## PROBLEM DESCRIPTION
In the records below, find the line containing "Фото Libertel Gare Du Nord Suède" and print it and every line after it exactly, through the end. Skip pictures.

[Stored data entries]
○ ○ ○
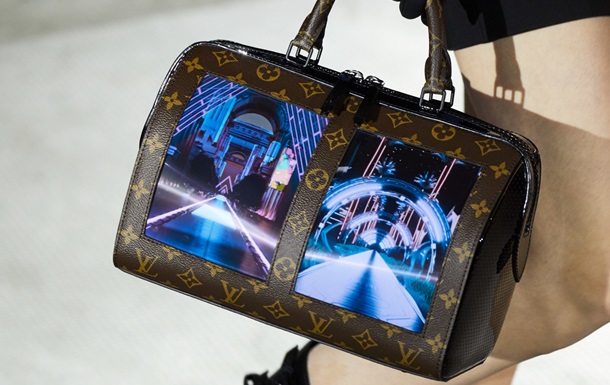 Louis Vuitton показав сумки з гнучкими дисплеями
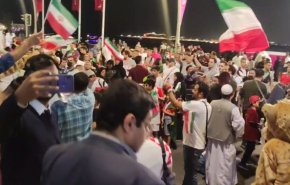  اجتماع ایرانیان در حمایت از تیم ملی جنب هتل محل اقامت ملی‌پوشان
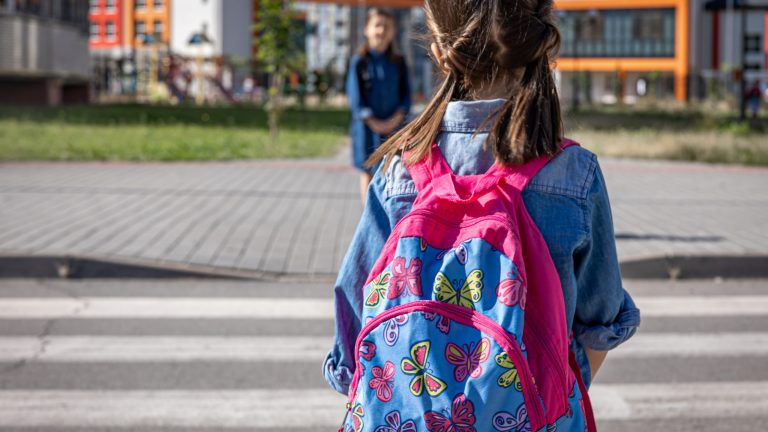 scuola, zaino, bambina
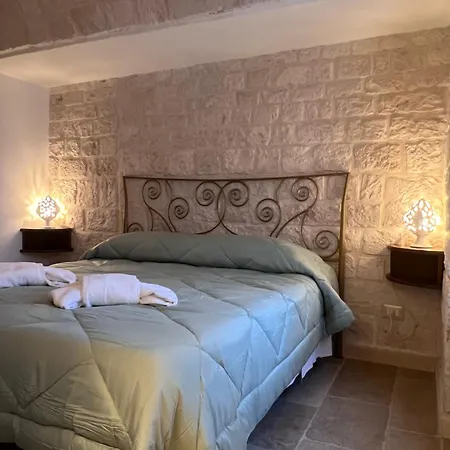 Trullo in Light-2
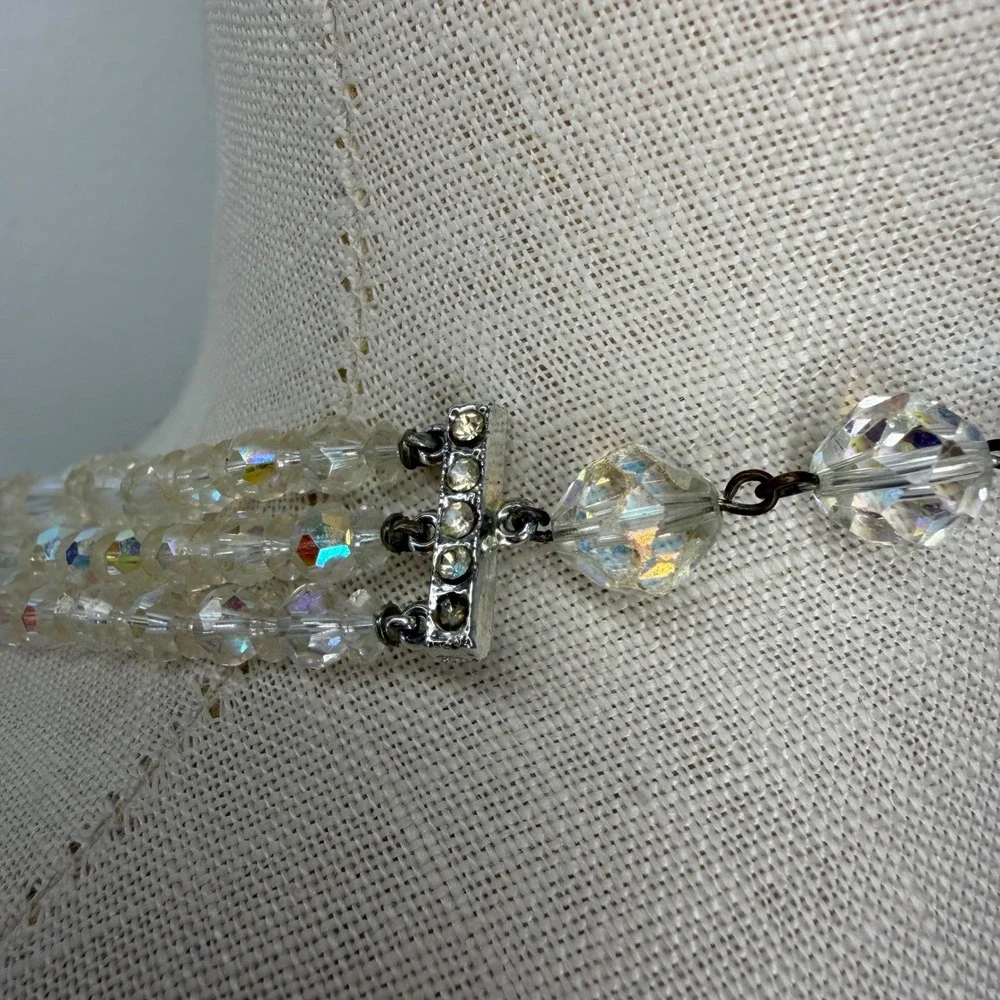 Vintage Aurora Borealis Clear Glass Bead Necklace Silver Tone Rhinestone Accents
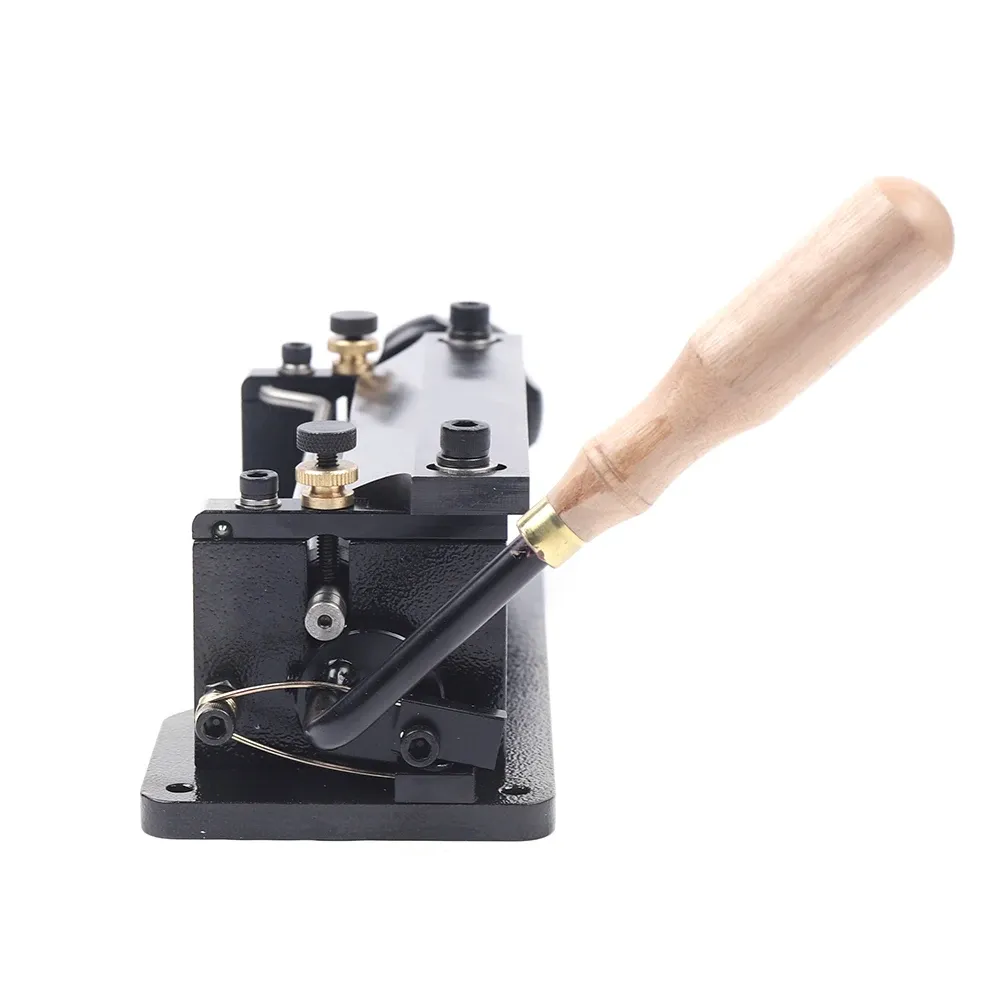 Machine à réduire épaisseur cuir 7 cm réglable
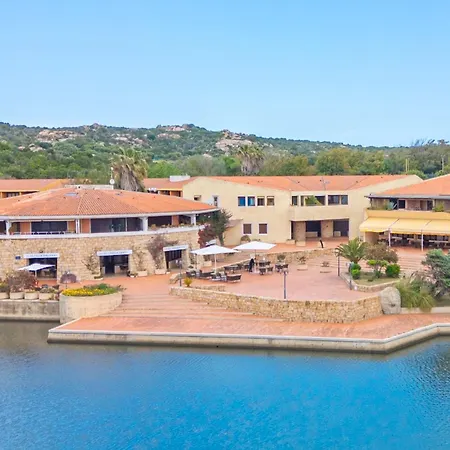 Isa - With Swimming Pool In Costa Serena Just 700 Mt From The Sea 公寓式酒店 波尔图拉斐尔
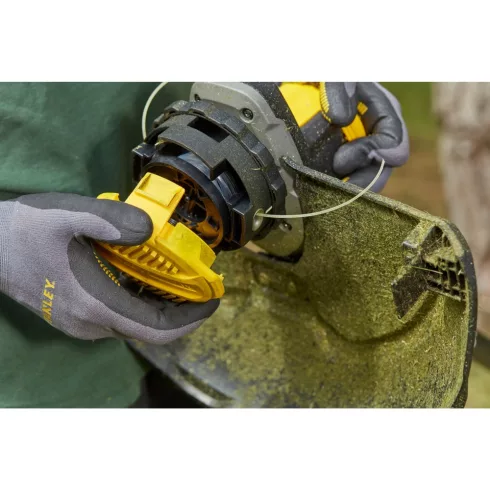STANLEY FATMAX 54 Volt-os V60 akkumulátoros kefementes fűszegélynyíró 33cm                            SFMCSTB963B-X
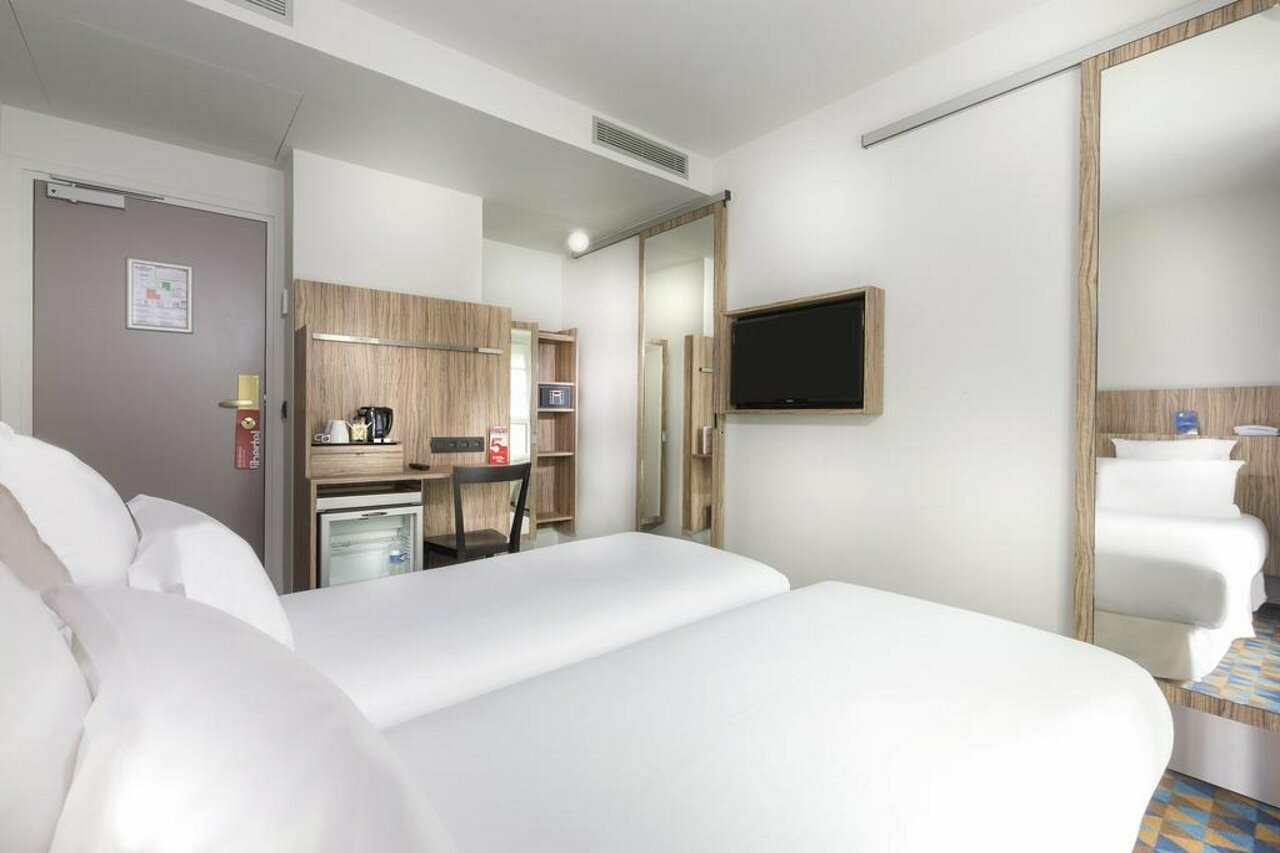 Фото Libertel Gare Du Nord Suède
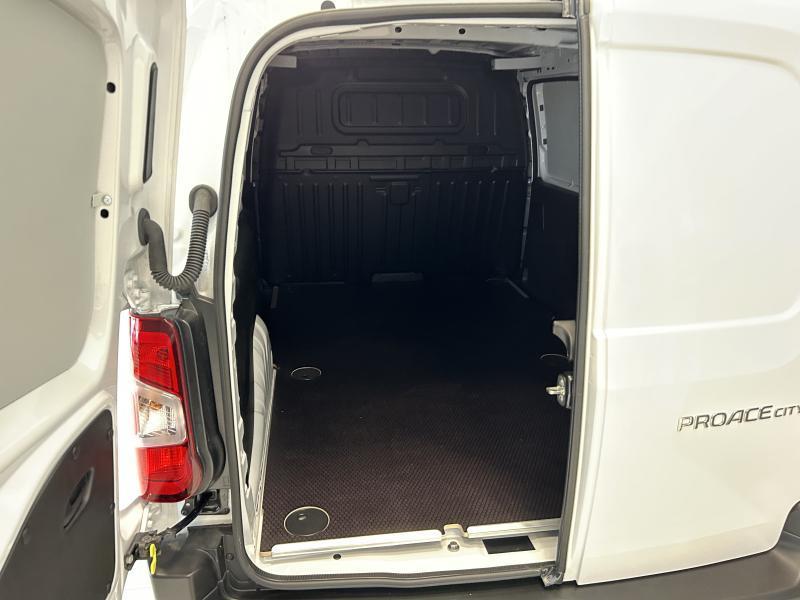 Toyota ProAce City LWB STOCK STOCK STOCK, 144 g/km, ProAce, Wit, Bedrijf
○ ○ ○
## ANSWER BELOW
 Фото Libertel Gare Du Nord Suède
 Toyota ProAce City LWB STOCK STOCK STOCK, 144 g/km, ProAce, Wit, Bedrijf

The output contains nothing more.